Somos muitas vezes insuportáveis e conosco mesmo, porque parece não ter fim o condicionamento mental que emite um juízo moral constante sobre os outros, de forma a criar em nossas mentes uma realidade irreal, na qual tudo funciona na base da dicotomia certo/errado, na luta constante entre o que é o que deveria ser.
Porque temos tanta dificuldade em aceitar as pessoas como elas são? No campo da psicologia veremos a elucidação desta questão, pelo menos em parte, quando tomamos esse padrão mental do juízo como uma projeção. Quando alguém afirma que o outro é uma pessoa difícil, chata, cheia de defeitos, o que isso significa a respeito de si mesmo?

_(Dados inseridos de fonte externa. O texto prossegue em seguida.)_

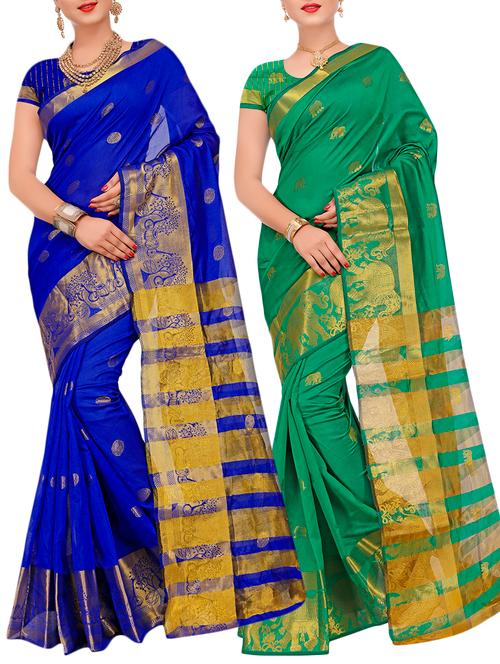 combos banarasi saree with blouse - 16057787 - Very Small Image - 1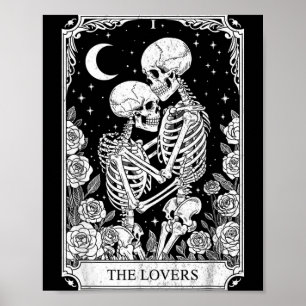 Affiche Carte de tarot Les Amoureux Squelette Gothique Hal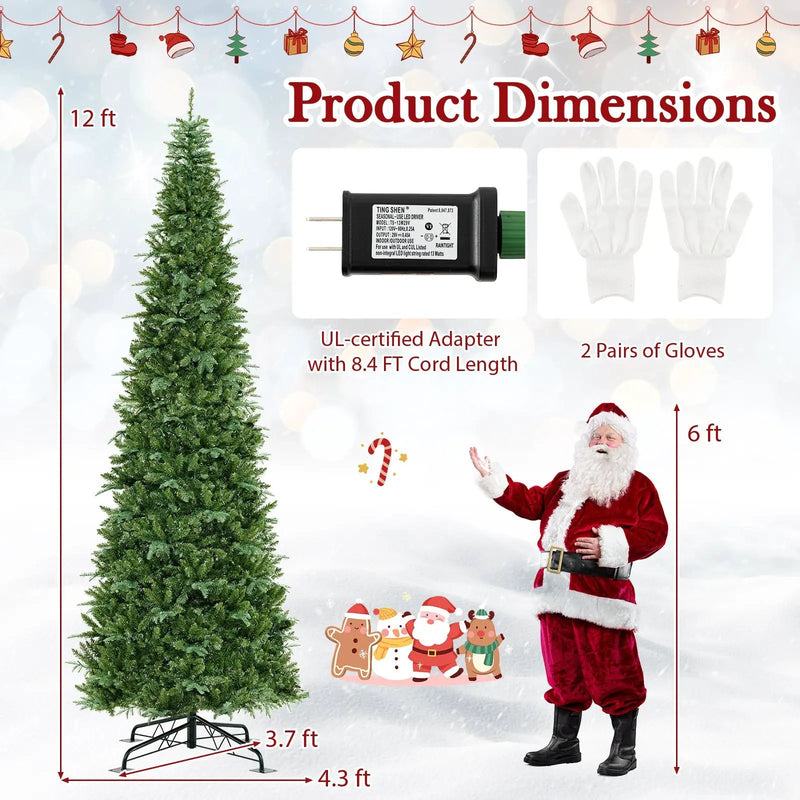 12 Feet Tall Prelit Hinged Artificial Christmas Tree with 2517 PVC PE Branch Tips by DirectDeals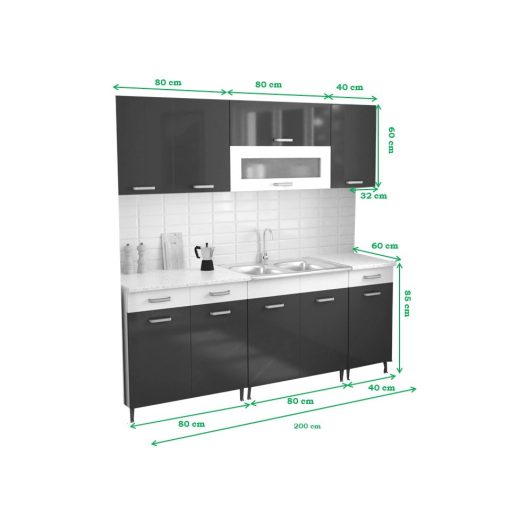 Luca 200 cm konyhabútor Fehér korpusz - Magasfényű MDF szürke front 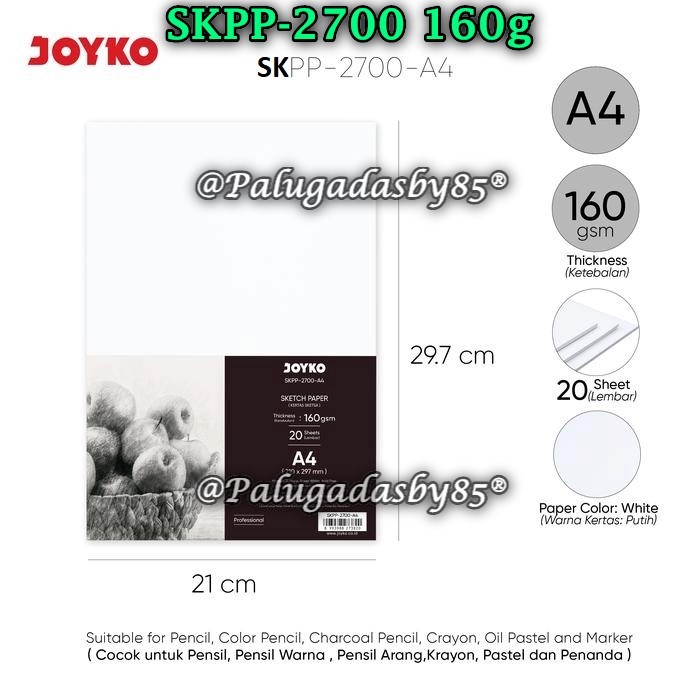 

(1 Pak) GROSIR Sketch Paper JOYKO SKPP-2700-A4 160g / JOYKO Kertas Sketsa SKPP-2700 (1 Pak)
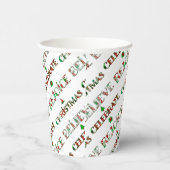 Weihnachts-Rot-Grün-Typografie Pappbecher (Rechts)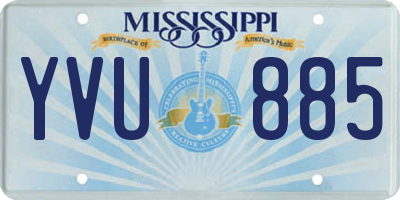 MS license plate YVU885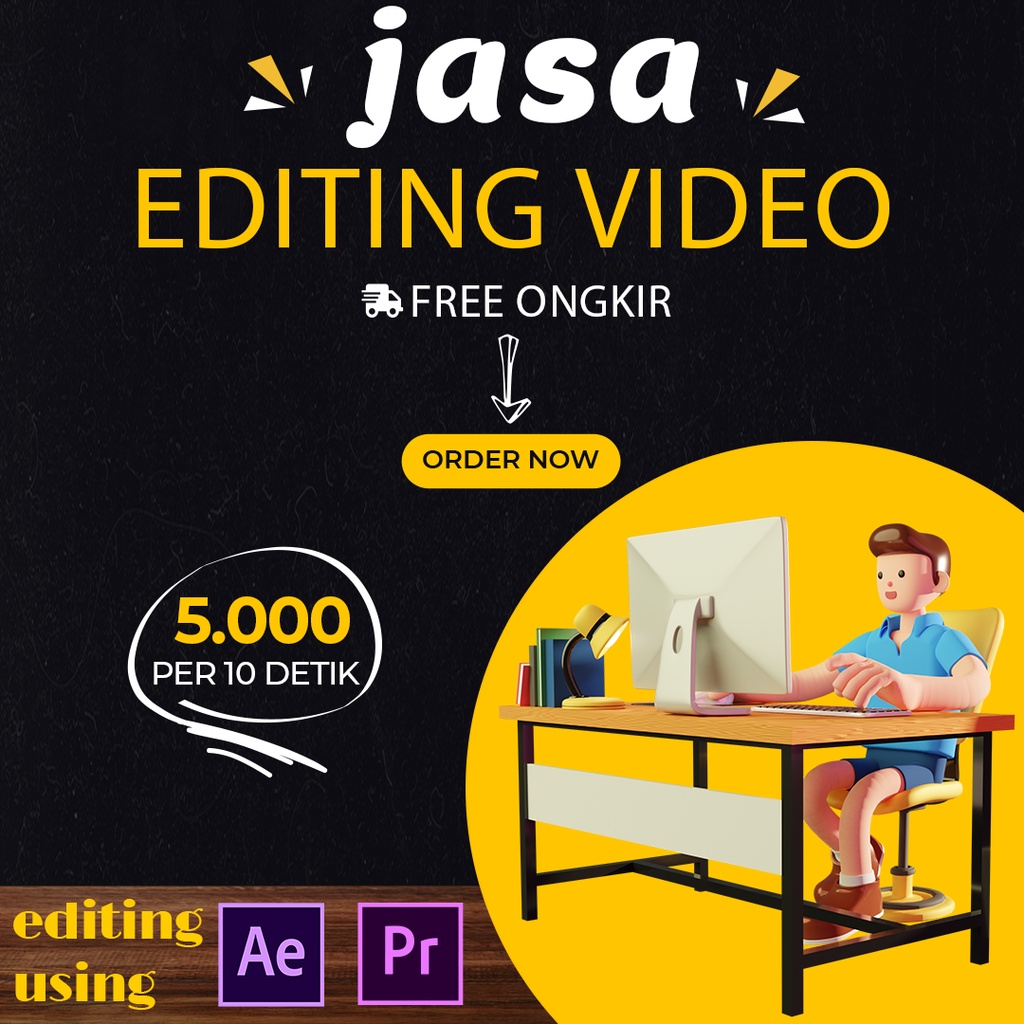 Jasa Edit Video Animasi Iklan Produk | Video Cinematic | Video Tugas Sekolah | Dokumentasi | Vlog | Persentasi | DLL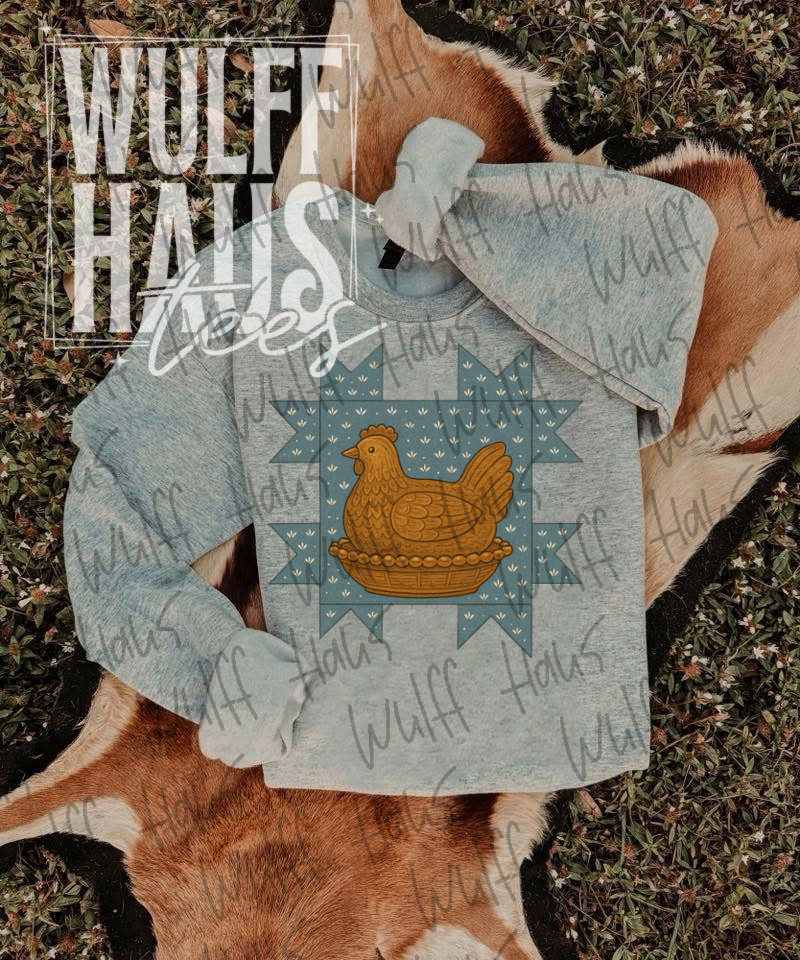 Brown Hen on a nest | Crewneck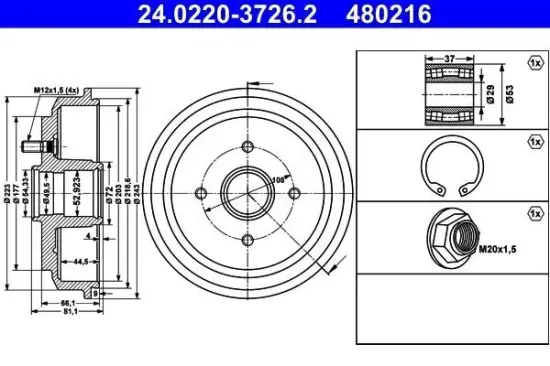 Bremstrommel Hinterachse ATE 24.0220-3726.2 Bild Bremstrommel Hinterachse ATE 24.0220-3726.2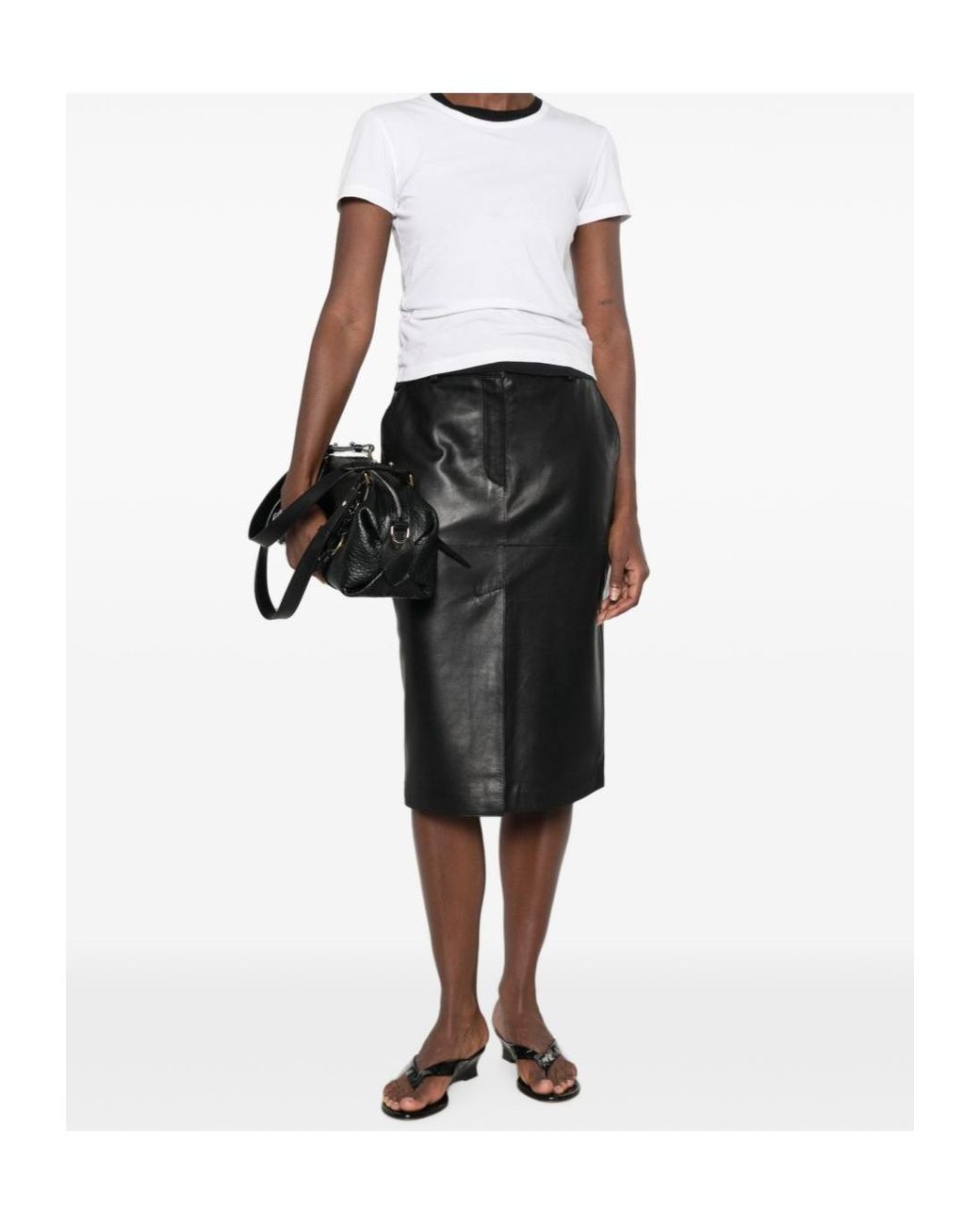 P.A.R.O.S.H. Gray Panelled Leather Midi Skirt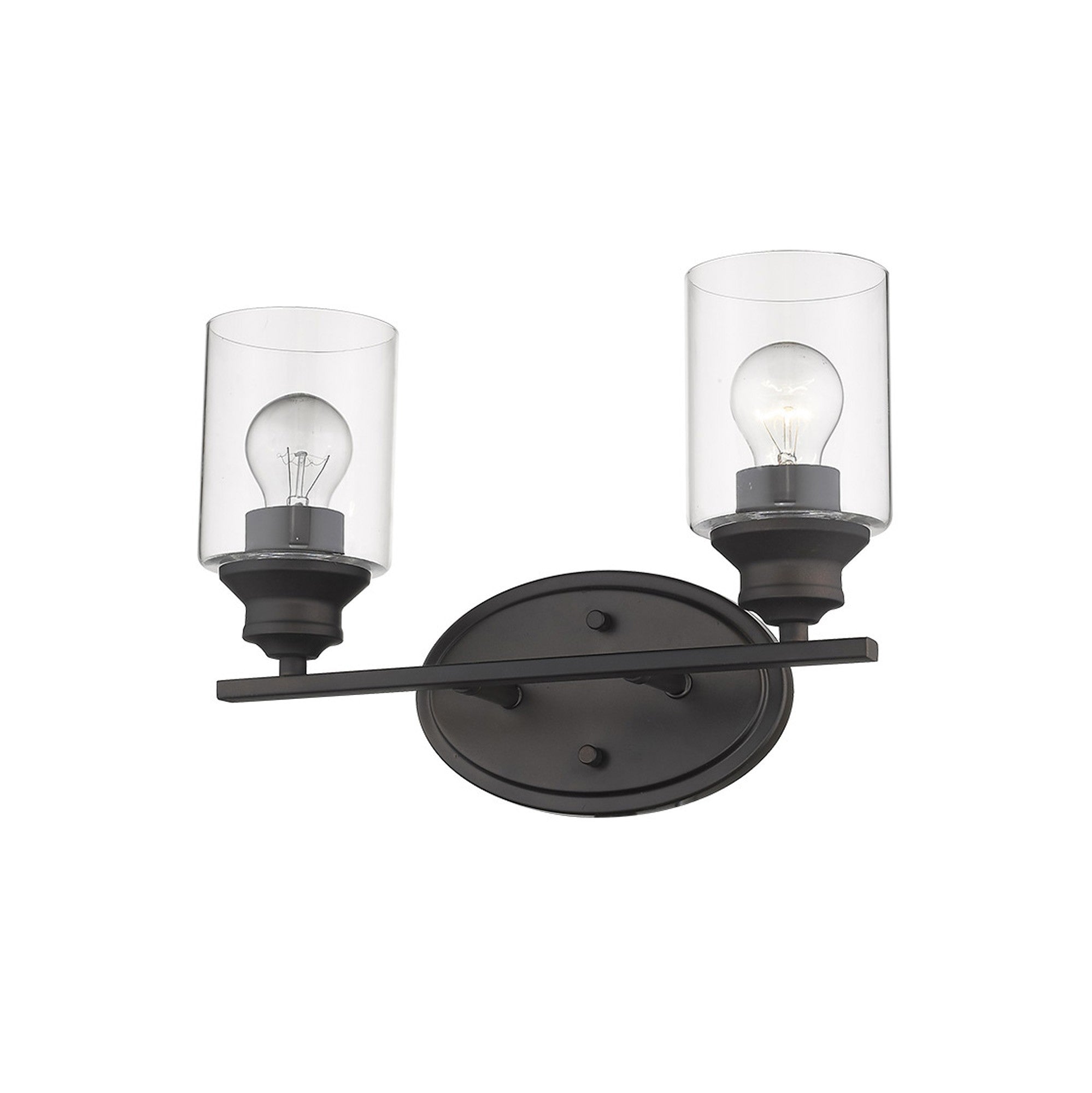 Bottom up angled view of a lighted Two-light bronze vanity wall fixture with cylindrical clear glass shades and oval backplate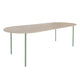 HelloTable Steelo eettafel plat ovaal 260x100 cm bol eiken white pale green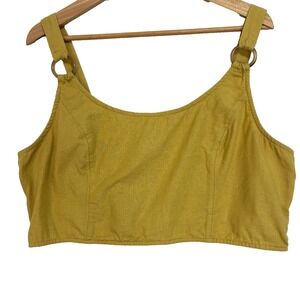 American Eagle Women's Cropped Smocked Tank Top Sz XL Yellow Gold Festival Beach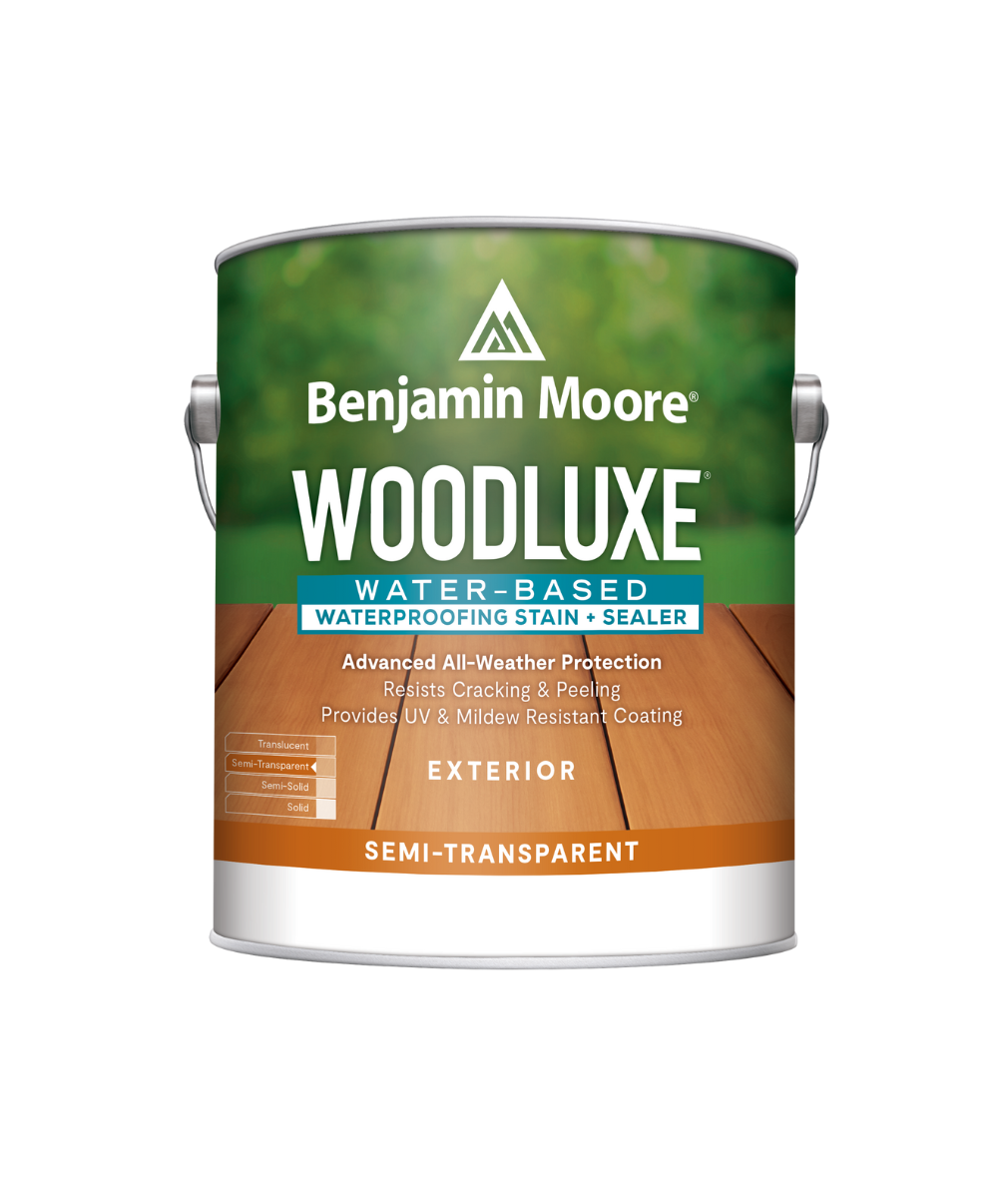 Benjamin Moore Woodluxe® Water-Based Semi-Transparent available to shop at Wallauers.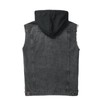 Ginsiom Men's Denim Vest,Sleeveless Jean Hooded Jacket Ripped Stretchy Sleeve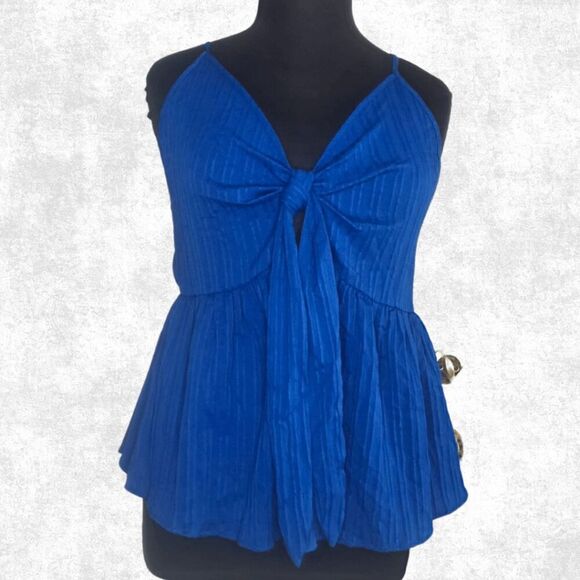 Royal Blue Tie Front Cami Top NWT Size 4X | Flowy Pleated Plus Size Tank - Picture 1 of 5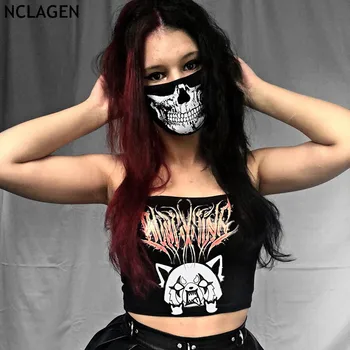 NCLAGEN Gotic Demon Tipărite Doamnelor Top Trunchiate 2021 Clubwear Punk Grunge Femeile Activitate Bretele Cu Fața Decor Tinutele de Petrecere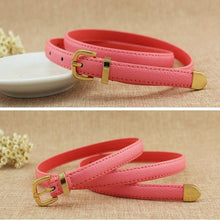 Load image into Gallery viewer, Female Straps Round Circle Leather Belt Waistband Cummerbund For Apparel Candy Color Metal Buckle
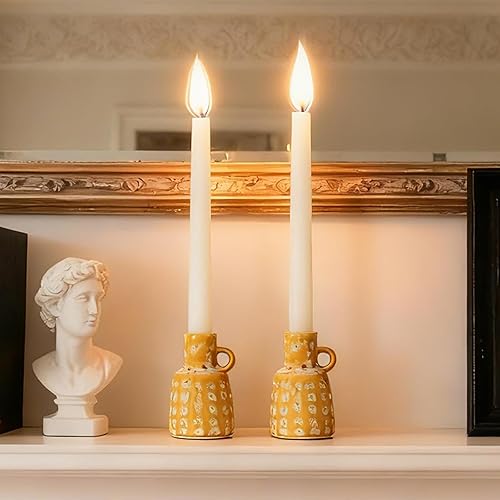 Portavelas cónico de cerámica – Juego de 2 candelabros con asa, estilo bohemio, soporte para exhibición de velas para mesa de café, centro de mesa,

O problema desses juízos é se manifestarem como um comportamento infantil na vida adulta, são um entrave para a própria evolução do Espírito. Vemos esse tipo de conduta, esse tipo de juízo infantil em várias instâncias da sociedade, na família, nas escolas, no trabalho e na política. Se fosse apenas um comportamento inocente, inofensivo tudo seguiria seu curso, contudo, apesar de infantil, possui o caráter da patologia e traz consigo muita dor e sofrimento.
Esse juízo parcial é responsável pelas maiores tragédias humanas. Há homicídios causados pelo juízo equivocado entre cônjuges, há inocentes que perdem suas vidas, pois são julgados pela cor da pele, há os que são excluídos devido à sua escolha sexual, há os que são excluídos por serem obesos, por serem idosos, por serem mulheres, por serem estrangeiros, por serem doentes, por serem magros, por serem jovens, por serem fortes, por serem fracos, por serem ricos e por serem pobres, enfim, uma esquizofrenia generalizada entre nós.
Precisamos com máxima urgência refletir sobre os ensinamentos de Cristo contido no Evangelho de Matheus, capítulo 7, versículos de 1 a 5:
“Não julgueis, para que não sejais julgados.
Porque com o juízo com que julgardes sereis julgados, e com a medida com que tiverdes medido vos hão de medir a vós.
E por que reparas tu no argueiro que está no olho do teu irmão, e não vês a trave que está no teu olho?
Ou como dirás a teu irmão: Deixa-me tirar o argueiro do teu olho, estando uma trave no teu?
Hipócrita, tira primeiro a trave do teu olho, e então cuidarás em tirar o argueiro do olho do teu irmão”
De maneira muito sábia, Cristo nos exorta a suspendermos o juízo. Isso significa uma atitude firme, séria e madura. Não de quem age por impulso de um conselho, porque vem de Cristo, mas porque entende as razões.
Não julgar significa não cometer os mesmos erros de antes. Julgar então é errado? Não de fato, pois o juízo faz parte da estrutura da mente, mas sobre esse tipo de juízo mais particular, que se prende ao ego, que julga para negar o outro e afirmar a si a todo instante. O Eu que precisa sempre comprovar sua condição de dono da razão, na verdade já está instável, já se mostra bem inseguro.
Toda ação tem uma reação na vida espiritual. Assim, todo julgamento promove dentro do ser uma consequência imediata para o próprio padrão no qual a mente se utilizará para julgar a si mesma. De forma que diversos desequilíbrios da mente, paranoias, loucuras, depressões, comportamentos esquizofrênicos, podem conter suas causas primeiras no padrão que a mente aplica a si mesma, durante anos, talvez décadas a fio.
É preciso que sejamos então mais suaves, sem nos inflarmos pela forma na qual as pessoas são. Isso não significa aceitarmos tudo o que seja indubitavelmente injusto. Aceitamos nossos semelhantes primeiramente porque entendemos que estamos cada um em um estágio diferente de esclarecimento, segundo porque se vemos claramente o deslize que alguém comete, antes do juízo acusador, utilizemo-nos da paciência e dos instrumentos da educação, única capaz de perscrutar os corações e promover as transformações do caráter.